Many months ago, my husband asked me what I was going to do with my third child leaving home, after all, I am a stay at home mother. I told him I would be fine keeping myself busy.
I just got back from settling my son into his dorm at the Colorado University of Boulder. This is my third time around which one would think would be easier. I knew my son Charlie was ready to go, but I didn’t realize, that I wasn’t. When my oldest son left for college, it was easier because he went to boarding school for high school, the transition for him wasn’t difficult. He did attend college in Chicago, which was far from San Diego but because I had three children at home to look after, I was more distracted.
Jake was my second child to go to college and it was hard to say goodbye but again, I had two younger children still at home. Charlie is my third boy and child to leave for college and probably more of a homebody than the others. He would have rathered have all his friends at our home than go anywhere else. We always have a constant flow of kids in and out of our home and I was regularly cooking for them. This also goes along for my daughter Priva who usually has a constant flow of friends around our home.
Priva has recently gotten her driver’s license and is out and about a lot making it very quiet in our home. While I am excited for my daughter to be able to drive and have her independence, I am sad for our time together in the car. She is starting school in a couple of days and this is the first time in 25 years that I am not driving anyone to school.
Ideas to help
Since this is my third time around with the college send-off, there are some things that I did to make myself feel better during this transition, maybe it can help you as well.
- Write a heartfelt letter to your child expressing your hopes and dreams for them and let them know how much you love them. I wrote two letters, a heartfelt one and a list of things to live by.
Important words from your momma
Change your sheets at least once a month
Wear clean clothes
Don’t leave wet clothes in the washer too long, it will get moldy
Separate darks from whites
Always have clean nails on both feet and hands, cut
Always wash your hands and use sanitizer
Always open a door for a female, that means let them walk in first
Go to your classes
Do your work
Get rest/take naps
Exercise, weights, and cardio
Eat a balanced diet
Wear sunscreen, redheads are more likely to get skin cancer
Put your napkin on your lap
Eat with your mouth closed
Drink a lot of water
Build relationships with your professors
When you shake someone’s hand look him or her in the eye
Check your emails multiple times, daily
Talk to a friend, counselor, therapist, and family member if not feeling ok
Help someone who is struggling
Limit screen time
Use phone etiquette when around others
Help do dishes if you are a guest at a dinner party
Bring a gift to the host of a party
If you are a guest at a home, clean room and make the bed
Don’t get in a car with someone who seems intoxicated or high
HAVE THE BEST TIME EVER!!!!
2. Making a date for a call has always worked well for us. The kids are so busy with classes, activities and social time, it seems like there is never a good time to call. We are so fortunate to have the ability to talk and see our children with facetime.

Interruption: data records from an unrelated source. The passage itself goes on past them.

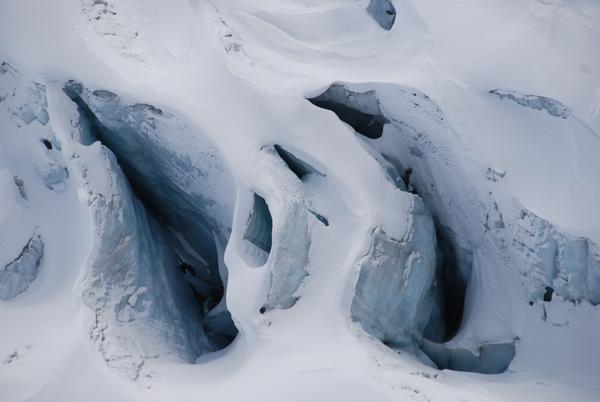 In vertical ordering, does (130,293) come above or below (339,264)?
below

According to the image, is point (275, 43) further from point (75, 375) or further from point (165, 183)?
point (75, 375)

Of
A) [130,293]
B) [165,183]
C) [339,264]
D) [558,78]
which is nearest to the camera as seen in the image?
[558,78]

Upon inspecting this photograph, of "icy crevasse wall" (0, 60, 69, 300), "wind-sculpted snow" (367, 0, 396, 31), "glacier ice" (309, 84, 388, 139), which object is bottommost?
"icy crevasse wall" (0, 60, 69, 300)

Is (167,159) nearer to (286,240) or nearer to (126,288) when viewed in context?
(126,288)

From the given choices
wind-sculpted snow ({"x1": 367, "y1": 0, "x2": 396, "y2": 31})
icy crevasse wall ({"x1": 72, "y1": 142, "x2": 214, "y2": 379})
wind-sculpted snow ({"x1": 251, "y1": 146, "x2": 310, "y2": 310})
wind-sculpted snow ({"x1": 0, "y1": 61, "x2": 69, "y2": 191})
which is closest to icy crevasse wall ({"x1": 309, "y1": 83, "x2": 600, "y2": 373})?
wind-sculpted snow ({"x1": 251, "y1": 146, "x2": 310, "y2": 310})

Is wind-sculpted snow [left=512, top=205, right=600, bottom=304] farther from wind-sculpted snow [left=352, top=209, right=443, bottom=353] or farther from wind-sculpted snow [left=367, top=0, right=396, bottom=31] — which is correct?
wind-sculpted snow [left=367, top=0, right=396, bottom=31]

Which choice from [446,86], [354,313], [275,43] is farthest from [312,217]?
[275,43]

3. Statistics say the third week of college is the roughest. They have settled into their living arrangements, classes, etc. This may be a good time to send a care package, maybe some homemade cookies, or just a card to say your thinking of them.

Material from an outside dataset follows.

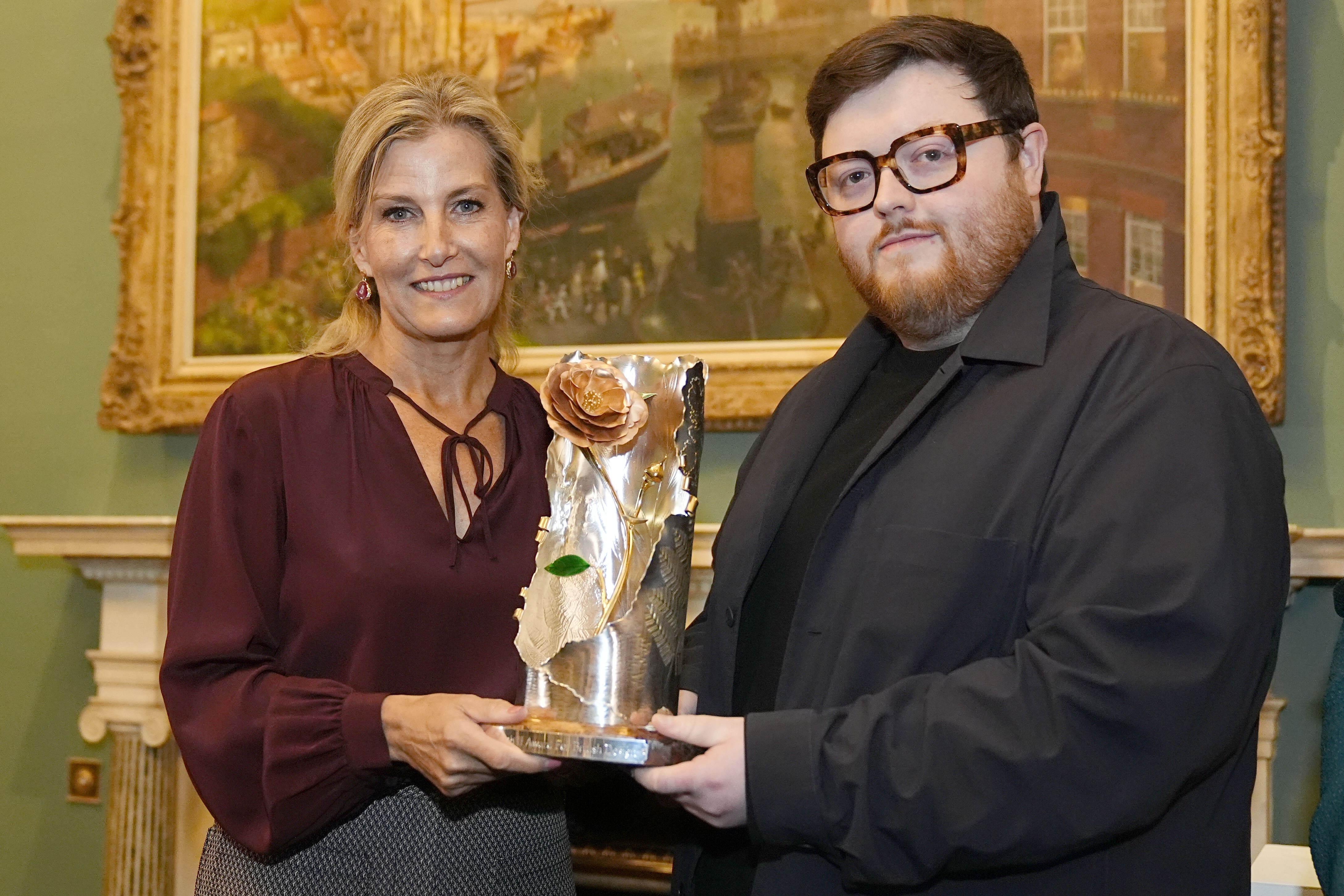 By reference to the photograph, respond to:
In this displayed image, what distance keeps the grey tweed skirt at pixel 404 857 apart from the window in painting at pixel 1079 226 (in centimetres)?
198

If you have been a helicopter parent like myself, it is very hard to let go and let them figure out things on their own. They now need to problem solve , get lost, feed themselves, and take care of themselves. It’s called growing up! Let them be and don’t call or text them a lot, (I know, it’s hard).

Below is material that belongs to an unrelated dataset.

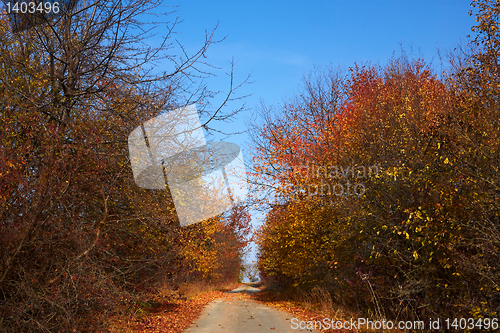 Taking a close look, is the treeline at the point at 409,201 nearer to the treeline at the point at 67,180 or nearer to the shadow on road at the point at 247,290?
the treeline at the point at 67,180

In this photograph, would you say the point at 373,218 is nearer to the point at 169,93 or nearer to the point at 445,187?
the point at 445,187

It was time to say our goodbyes, a moment I was anxious about. I gave my son a little going away package which included a framed picture of our family (for his dorm room), a box of a month’s supply of gummy vitamins (don’t want him to get sick), chapstick (it’s dry in boulder), hand sanitizer for his backpack (fight college germs), and his favorite candy. I hugged him, cried a lot and said goodbye.
Now that I am home, and my son is not, it does feel different. The house is quieter. I am ok. Transitions are hard and sometimes change is hard as well. I can’t wait until my facetime call this weekend!